Furthermore, global trade issues are a more common occurrence, with tariffs being proposed in the middle of a recession – something that was done in the US that exacerbated the Great Depression (read: Smoot Hawley Act).

Global trade and “outsourcing” were contributory to the disinflationary environment of the last 30 years, where higher domestic wages were not a contributor to price increase as manufacturing was offshore. So even if no further tariffs are enacted, “protectionist” trade policies may see higher domestic inflation.

However, the “working class” or the bottom two quintiles of earners in developed economies will be the last to see any form of economic recovery. This is physical labour and primary industry that can’t “work from home” as tertiary industry can. These are people that are having to deal with no work, a possible “fiscal cliff” when government support ends whilst a slow protracted return from unemployment as the economic recovery will be slow and re-hiring uncertain.

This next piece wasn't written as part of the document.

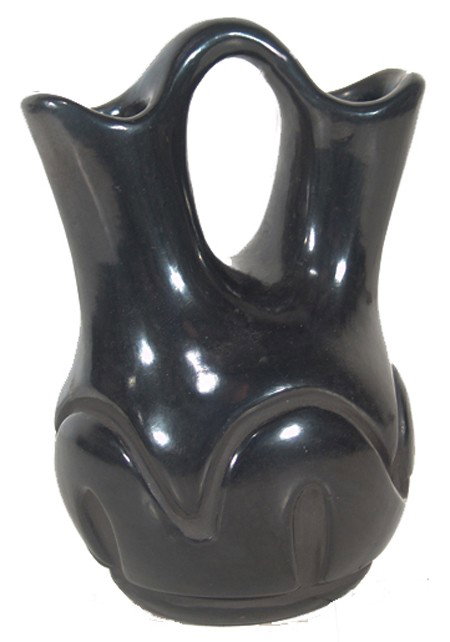 Santa Clara Pottery Wedding Vase - Helen: Small deep carved blackware vase with right-facing Avanyu figure. Signed "Helen". Condition: very good. 6-1/2" x 5" Circa: Mid to late 1900s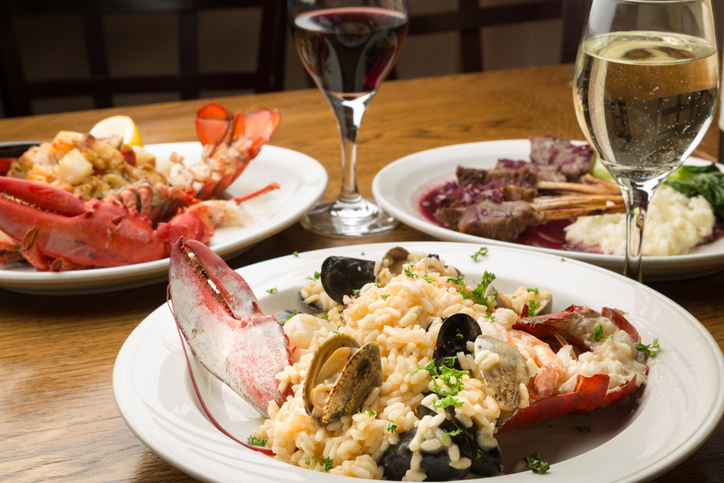 Lobster and Lamb chop Dishes arranged at a dinner table with wine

And lastly, both entrepreneurs and technology will be transformational for economy after the crisis. Those with capital and entrepreneurial spirit will be able to build new business out of old, and possibly glean new industry that arises from this crisis that never existed before.

As well, technology is already transforming our lives with or without COVID-19. Elon Musk just launched and landed a massive rocket, a very visible sign of the technological advancements happening around the world. Quantum computing, virtual reality, cloud computing, AI, “internet of things”, blockchain etc all may change the way the way we conduct our daily lives.

And hey, maybe quantum computing may help compute these multi-body problems and help us assess future risks from uncertain events!

The views expressed in this article are the views of the stated author as at the date published and are subject to change based on markets and other conditions. Past performance is not a reliable indicator of future performance. Mason Stevens is only providing general advice in providing this information. You should consider this information, along with all your other investments and strategies when assessing the appropriateness of the information to your individual circumstances. Mason Stevens and its associates and their respective directors and other staff each declare that they may hold interests in securities and/or earn fees or other benefits from transactions arising as a result of information contained in this article.